My reaction to the article can be summed up as so: the coming years are indeed going to be tough for publishers as Amazon, Sony and other tech companies muscle in on the publishers’ traditional sphere of distribution. And you can see in the article the pressure to come up with some new means of making books that can deliver consistent margins. But at the same time, this is a time of tremendous opportunity for authors, especially those who can deliver an audience consistently.
But what do you think?
Kim Haynes says
I agree with everyone who commented that our job as writers is to keep butt in chair and get the stories out there. I am also one of those people who can’t entirely get behind e-books for my own reading, though I should probably give it a try, considering how much I read.
I am curious about how these changes will affect what is published and how it’s published. If the technology allows more people to get published and read, I’m all for it. Frankly, I don’t have a trust fund and I do have a day job, but I’d rather have a smaller advance and “invest” in the future of my career as a novelist. Of course, I’m unpublished as of yet, so maybe that’s easier for me to say right now….

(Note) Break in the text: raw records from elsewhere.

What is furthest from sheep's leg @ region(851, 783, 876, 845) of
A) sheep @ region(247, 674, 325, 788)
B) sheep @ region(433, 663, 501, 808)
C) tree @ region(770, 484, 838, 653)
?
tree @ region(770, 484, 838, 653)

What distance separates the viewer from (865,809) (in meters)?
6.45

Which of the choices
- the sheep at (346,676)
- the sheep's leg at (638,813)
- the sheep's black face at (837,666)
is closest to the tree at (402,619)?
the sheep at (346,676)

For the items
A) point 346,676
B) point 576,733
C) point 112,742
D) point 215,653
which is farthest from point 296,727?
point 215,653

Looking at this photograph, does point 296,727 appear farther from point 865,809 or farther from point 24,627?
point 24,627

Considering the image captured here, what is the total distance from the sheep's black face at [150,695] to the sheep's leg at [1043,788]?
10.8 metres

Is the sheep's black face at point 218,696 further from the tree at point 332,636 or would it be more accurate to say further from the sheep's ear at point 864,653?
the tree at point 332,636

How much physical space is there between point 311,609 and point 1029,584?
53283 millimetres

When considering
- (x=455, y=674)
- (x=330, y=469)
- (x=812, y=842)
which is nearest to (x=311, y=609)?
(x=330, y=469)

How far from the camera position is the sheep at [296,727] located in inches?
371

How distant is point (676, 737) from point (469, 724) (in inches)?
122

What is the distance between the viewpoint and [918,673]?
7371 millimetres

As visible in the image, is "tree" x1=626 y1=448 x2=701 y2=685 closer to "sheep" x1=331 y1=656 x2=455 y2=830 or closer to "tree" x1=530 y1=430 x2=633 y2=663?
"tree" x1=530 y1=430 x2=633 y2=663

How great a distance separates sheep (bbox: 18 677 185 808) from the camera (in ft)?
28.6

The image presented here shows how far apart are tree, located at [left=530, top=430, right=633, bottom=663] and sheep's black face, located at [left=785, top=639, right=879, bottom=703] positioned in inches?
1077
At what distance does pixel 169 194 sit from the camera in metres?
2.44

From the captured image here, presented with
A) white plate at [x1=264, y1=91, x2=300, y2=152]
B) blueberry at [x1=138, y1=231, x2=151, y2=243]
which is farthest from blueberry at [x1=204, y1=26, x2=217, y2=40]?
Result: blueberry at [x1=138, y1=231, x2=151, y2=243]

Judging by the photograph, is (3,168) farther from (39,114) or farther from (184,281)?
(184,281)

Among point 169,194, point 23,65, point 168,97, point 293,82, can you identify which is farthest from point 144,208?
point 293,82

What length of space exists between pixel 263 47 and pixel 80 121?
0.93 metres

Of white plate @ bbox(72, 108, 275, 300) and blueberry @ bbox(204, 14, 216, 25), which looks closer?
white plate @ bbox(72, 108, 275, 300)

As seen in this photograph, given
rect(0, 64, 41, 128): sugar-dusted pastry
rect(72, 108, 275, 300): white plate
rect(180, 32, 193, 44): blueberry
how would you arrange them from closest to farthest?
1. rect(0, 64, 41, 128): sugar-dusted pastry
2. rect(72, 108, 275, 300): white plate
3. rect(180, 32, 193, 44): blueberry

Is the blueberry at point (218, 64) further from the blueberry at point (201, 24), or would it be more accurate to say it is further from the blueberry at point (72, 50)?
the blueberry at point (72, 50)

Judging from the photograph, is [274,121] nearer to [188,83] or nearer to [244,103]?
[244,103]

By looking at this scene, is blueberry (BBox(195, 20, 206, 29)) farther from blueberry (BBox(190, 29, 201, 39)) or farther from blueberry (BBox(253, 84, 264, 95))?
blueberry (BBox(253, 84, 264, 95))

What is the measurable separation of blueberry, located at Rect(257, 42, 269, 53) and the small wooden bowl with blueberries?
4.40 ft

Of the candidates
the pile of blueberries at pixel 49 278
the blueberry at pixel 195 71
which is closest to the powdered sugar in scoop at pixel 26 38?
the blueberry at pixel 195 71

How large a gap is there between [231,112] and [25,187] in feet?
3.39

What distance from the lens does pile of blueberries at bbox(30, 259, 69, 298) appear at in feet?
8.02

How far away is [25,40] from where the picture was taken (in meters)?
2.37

Thanks for the blog, Nathan — I read it regularly — and for posting this article. Very thought-provoking.
Lauri Shaw says
This is a wonderfully written and well researched article that has its finger on the pulse of the publishing industry’s current plight and its fears. Thanks for linking to it, Nathan.
Here’s hoping that publishing can learn from music’s appalling errors with both artists and consumers during these transitions, which will take years.

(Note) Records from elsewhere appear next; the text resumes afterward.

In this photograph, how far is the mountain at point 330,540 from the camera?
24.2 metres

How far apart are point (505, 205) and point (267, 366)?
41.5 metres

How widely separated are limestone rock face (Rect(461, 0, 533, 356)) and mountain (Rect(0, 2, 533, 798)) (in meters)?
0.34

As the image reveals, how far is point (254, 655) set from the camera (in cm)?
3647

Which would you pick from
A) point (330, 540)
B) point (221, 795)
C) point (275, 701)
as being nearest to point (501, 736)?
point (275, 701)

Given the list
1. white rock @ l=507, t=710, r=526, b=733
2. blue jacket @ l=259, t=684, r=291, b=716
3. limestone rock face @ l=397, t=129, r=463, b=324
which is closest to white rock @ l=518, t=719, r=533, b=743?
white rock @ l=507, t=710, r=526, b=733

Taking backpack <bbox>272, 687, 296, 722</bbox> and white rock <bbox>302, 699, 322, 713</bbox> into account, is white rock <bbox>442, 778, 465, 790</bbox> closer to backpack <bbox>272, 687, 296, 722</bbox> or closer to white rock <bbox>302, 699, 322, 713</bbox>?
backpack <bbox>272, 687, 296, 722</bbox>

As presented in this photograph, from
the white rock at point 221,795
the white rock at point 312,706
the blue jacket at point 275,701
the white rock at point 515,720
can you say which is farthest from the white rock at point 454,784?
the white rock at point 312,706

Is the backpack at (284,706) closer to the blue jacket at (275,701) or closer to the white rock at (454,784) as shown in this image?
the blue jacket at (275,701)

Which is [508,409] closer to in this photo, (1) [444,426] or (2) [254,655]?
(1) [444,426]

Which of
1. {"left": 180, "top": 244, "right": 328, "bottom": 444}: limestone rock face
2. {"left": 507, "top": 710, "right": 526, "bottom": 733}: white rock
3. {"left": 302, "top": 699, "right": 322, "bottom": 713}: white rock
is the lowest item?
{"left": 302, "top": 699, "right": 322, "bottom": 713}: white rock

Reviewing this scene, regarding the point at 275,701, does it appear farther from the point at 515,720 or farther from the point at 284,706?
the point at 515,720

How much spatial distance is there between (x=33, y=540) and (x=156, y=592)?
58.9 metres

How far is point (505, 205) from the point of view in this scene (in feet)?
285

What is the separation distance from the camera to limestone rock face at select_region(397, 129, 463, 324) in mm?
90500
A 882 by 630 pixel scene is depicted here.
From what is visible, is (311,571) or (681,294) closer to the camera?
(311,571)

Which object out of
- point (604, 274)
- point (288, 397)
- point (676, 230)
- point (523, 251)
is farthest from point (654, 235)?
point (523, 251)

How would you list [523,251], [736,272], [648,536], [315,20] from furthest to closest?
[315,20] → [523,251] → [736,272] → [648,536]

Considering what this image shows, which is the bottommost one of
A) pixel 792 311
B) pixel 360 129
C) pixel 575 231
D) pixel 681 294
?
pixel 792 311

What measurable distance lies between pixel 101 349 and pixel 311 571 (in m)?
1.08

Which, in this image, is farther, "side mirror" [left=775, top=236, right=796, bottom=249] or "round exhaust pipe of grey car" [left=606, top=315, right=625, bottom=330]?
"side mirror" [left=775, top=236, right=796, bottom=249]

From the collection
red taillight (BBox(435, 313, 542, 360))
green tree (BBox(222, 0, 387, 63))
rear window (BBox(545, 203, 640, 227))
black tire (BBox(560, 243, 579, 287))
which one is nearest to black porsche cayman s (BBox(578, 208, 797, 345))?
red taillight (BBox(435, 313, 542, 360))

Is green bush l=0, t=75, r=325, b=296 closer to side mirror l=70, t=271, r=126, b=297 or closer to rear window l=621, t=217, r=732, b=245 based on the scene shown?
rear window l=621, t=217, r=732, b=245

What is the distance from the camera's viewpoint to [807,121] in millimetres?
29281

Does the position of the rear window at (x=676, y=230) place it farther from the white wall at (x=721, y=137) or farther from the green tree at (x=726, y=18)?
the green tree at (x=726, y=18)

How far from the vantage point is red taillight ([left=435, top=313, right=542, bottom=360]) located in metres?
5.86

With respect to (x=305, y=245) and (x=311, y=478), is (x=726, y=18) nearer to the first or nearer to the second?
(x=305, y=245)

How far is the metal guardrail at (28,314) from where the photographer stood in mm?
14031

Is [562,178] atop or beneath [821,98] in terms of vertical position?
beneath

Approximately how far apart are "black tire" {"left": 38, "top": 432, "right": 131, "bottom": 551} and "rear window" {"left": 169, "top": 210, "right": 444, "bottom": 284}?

The music business crisis has provided new opportunities for those artists who were ready to change and take risks. In many ways, the collapse of Big Music is still separating the wheat from the chaff. Most unsigned musicians I know look wistfully at the majors and hope to someday attain land their stamp of legitimacy. But in the mean time, they’re doing a lot more DIY, and they’re using the internet to its fullest capacity. The most enterprising of acts can more than break even without any middlemen – which is often better than they’d do on an indie label.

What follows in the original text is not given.